*** Materials provided

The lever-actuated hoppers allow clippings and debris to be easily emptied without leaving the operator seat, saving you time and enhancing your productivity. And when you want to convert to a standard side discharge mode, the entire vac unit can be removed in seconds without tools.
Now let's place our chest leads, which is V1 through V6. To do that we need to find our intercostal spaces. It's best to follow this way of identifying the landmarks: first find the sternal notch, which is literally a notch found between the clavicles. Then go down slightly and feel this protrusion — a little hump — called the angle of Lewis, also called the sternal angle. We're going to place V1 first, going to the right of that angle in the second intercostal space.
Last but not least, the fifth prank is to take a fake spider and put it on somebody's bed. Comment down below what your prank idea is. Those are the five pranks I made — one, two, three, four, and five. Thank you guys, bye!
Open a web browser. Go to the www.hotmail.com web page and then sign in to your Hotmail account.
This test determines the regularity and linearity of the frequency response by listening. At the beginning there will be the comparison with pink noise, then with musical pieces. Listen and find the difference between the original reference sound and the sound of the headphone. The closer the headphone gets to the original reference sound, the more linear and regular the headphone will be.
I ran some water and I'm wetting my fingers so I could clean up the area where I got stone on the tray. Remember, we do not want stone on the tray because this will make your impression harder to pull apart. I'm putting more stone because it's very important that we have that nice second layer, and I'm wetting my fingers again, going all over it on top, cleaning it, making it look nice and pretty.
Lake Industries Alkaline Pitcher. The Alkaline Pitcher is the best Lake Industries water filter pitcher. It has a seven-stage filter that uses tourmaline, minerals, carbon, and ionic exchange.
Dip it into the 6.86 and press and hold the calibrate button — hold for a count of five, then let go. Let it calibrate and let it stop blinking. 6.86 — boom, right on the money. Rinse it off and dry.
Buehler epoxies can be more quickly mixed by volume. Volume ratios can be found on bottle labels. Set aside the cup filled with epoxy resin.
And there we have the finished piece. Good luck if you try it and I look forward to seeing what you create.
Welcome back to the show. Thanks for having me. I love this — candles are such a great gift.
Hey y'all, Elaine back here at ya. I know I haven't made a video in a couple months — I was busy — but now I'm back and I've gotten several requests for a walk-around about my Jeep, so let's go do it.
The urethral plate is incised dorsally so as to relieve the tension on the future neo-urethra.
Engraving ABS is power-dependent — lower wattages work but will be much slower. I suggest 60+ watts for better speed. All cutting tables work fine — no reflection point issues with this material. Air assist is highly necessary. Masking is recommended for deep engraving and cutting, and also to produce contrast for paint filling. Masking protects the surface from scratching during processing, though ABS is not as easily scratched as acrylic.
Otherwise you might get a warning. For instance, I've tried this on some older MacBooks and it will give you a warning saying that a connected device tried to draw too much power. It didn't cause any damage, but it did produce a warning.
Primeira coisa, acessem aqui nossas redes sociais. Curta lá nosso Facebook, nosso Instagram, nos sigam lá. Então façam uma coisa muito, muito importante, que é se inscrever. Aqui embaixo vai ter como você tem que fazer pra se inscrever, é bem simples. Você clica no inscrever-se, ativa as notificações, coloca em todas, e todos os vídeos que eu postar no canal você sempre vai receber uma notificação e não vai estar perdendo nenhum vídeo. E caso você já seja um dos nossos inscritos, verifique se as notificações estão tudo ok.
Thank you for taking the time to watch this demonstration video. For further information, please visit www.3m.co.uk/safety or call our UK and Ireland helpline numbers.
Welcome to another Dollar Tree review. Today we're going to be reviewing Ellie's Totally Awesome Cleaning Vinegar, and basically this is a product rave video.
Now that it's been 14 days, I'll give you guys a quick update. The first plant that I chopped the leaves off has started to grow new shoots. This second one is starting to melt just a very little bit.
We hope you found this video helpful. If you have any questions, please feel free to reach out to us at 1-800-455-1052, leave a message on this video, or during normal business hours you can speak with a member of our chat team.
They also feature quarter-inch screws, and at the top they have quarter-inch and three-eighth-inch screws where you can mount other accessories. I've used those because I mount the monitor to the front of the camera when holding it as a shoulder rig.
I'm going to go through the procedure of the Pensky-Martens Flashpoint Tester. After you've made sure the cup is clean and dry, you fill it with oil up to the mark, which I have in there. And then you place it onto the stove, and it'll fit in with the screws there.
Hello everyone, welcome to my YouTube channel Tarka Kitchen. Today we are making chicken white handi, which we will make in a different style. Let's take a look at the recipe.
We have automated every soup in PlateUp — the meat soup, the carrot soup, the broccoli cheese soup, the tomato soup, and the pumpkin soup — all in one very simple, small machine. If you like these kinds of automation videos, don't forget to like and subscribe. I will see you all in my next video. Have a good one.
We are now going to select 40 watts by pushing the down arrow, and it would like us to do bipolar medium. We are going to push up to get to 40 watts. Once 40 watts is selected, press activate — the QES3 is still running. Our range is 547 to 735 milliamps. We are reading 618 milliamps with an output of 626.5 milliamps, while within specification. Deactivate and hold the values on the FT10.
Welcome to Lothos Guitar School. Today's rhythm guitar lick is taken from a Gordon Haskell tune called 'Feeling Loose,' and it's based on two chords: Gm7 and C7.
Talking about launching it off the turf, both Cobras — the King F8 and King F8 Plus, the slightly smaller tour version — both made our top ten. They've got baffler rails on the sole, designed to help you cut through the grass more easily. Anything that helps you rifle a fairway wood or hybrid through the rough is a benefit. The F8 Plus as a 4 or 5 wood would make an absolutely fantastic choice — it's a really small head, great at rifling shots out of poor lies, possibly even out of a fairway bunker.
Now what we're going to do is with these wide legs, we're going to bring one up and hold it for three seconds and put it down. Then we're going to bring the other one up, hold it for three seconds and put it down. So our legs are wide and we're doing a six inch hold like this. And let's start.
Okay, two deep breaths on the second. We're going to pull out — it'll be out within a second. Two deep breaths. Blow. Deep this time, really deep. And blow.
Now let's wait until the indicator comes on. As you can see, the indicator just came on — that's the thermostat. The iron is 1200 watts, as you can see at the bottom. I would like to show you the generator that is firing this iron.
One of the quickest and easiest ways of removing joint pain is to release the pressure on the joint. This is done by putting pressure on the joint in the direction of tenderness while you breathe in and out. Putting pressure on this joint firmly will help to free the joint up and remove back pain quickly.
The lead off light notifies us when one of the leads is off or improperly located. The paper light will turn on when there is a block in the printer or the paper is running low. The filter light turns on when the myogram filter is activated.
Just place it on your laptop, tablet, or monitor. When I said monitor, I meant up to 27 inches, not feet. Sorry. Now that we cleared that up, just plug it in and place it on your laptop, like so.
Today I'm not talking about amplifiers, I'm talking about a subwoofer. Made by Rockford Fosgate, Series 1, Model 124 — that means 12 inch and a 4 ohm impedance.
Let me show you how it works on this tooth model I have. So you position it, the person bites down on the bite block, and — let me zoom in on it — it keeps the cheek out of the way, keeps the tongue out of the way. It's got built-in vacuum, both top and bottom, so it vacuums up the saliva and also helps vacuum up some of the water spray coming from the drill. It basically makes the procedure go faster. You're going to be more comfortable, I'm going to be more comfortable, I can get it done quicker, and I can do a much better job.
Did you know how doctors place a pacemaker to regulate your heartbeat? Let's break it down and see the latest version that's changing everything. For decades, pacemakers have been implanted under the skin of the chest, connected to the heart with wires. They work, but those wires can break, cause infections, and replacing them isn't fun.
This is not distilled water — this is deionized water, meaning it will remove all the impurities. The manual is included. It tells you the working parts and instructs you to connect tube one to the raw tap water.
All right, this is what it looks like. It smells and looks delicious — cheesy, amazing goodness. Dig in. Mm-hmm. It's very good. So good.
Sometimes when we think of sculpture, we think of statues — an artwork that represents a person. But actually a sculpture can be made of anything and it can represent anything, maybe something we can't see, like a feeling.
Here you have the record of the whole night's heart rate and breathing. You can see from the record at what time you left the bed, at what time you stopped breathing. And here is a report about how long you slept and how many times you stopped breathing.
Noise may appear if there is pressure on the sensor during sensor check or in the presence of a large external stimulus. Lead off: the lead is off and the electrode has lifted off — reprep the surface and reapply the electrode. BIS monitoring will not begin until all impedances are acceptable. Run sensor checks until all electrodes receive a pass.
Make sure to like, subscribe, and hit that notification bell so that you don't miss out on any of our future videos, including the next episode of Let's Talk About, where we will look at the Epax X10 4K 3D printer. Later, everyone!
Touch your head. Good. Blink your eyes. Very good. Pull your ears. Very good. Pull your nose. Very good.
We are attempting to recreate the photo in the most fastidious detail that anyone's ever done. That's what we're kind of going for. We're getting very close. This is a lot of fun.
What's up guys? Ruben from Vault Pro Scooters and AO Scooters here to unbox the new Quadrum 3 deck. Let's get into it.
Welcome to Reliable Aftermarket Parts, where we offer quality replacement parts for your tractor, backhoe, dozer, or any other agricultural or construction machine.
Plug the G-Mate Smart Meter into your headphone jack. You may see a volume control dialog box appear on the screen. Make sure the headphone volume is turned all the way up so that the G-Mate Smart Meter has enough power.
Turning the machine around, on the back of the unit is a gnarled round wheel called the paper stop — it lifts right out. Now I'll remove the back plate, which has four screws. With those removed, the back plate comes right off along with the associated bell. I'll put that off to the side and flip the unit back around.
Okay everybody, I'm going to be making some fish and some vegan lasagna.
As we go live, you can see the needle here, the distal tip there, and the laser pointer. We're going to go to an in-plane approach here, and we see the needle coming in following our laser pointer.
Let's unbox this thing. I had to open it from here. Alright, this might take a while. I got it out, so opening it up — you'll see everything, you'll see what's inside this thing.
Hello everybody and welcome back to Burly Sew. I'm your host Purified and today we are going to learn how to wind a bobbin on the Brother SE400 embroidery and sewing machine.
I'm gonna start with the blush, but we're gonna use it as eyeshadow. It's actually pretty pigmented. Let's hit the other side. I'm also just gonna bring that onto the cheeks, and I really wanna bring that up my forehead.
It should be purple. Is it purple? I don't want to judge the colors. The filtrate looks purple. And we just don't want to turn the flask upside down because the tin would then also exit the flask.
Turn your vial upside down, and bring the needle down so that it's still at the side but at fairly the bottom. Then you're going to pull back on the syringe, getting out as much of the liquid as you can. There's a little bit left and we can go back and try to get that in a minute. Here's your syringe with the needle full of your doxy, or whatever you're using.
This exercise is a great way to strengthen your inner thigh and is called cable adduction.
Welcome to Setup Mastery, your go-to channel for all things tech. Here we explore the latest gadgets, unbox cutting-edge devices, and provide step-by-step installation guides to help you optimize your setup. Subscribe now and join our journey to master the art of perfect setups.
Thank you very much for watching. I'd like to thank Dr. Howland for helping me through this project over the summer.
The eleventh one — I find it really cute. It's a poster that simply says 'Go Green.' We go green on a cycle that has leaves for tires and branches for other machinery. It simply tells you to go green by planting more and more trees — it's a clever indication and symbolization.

******

Assignment: Now copy each line of the entries that mentions "slightly".

Answer to this exercise:
Now let's place our chest leads, which is V1 through V6. To do that we need to find our intercostal spaces. It's best to follow this way of identifying the landmarks: first find the sternal notch, which is literally a notch found between the clavicles. Then go down slightly and feel this protrusion — a little hump — called the angle of Lewis, also called the sternal angle. We're going to place V1 first, going to the right of that angle in the second intercostal space.
Talking about launching it off the turf, both Cobras — the King F8 and King F8 Plus, the slightly smaller tour version — both made our top ten. They've got baffler rails on the sole, designed to help you cut through the grass more easily. Anything that helps you rifle a fairway wood or hybrid through the rough is a benefit. The F8 Plus as a 4 or 5 wood would make an absolutely fantastic choice — it's a really small head, great at rifling shots out of poor lies, possibly even out of a fairway bunker.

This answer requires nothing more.